We've asked SD to please not erase her text messages and photos. Specifically the photos. She argues back that there's nothing to be concerned about. Except that there is. Just last week, a friend of SD's SnapChatted a picture of herself in a bra to her boyfriend. She assumed the pic would be deleted as the app promises. And it was. But not before her boyfriend took a screen shot of the photo and sent it to all of his friends, mortifying the poor girl.

Teenagers don't always have the foresight to understand what kind of trouble and life damaging consequences surround phones and technology. It is for that reason that Hubs and I are considering installing a software on SD's phone that alerts us to every photo, text, SnapChat, etc that she sends or receives. This way, even if she tries to delete something, there's a chance we will still see it. We don't want to monitor everything, because she is a good kid and has a good head on her shoulders. However, how many times have we heard about a child who was being bullied so badly via text that they committed suicide? 

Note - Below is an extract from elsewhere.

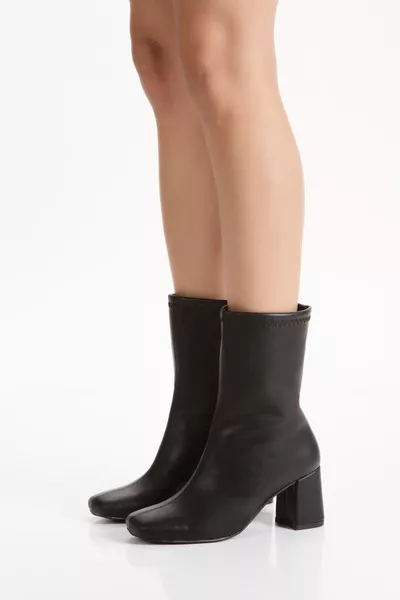 حذاء نسائي كعب عالي أسود بأصبع مربع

This isn't a decision we are taking lightly. If we do install the software, SD will know. I'm not about to James Bond her phone without telling her. We want her to understand that we're not trying to catch her doing something wrong. We trust her to make good decisions. But she may not be able to see past the nose on her face in some cases - and we have to be there to protect her.

Believe it or not, Hubs and I are pretty open to letting the kids make their own mistakes. After all, we did at that age. But the stakes and consequences in this day and age are different than they once were. That picture of me topless on game day in college? Three people have that photo and I know every one of them. If my SD did something like that now, 3,000 people could have it within seconds, and it could haunt her the rest of her life.

We have constant discussions about these things with the kids. Communication is always open, and it always will be. But like someone once said, "just because you have a umbrella doesn't mean it isn't going to rain." 

What do you think? Would you ever use a software to track your child's phone in an effort to make sure all was kosher?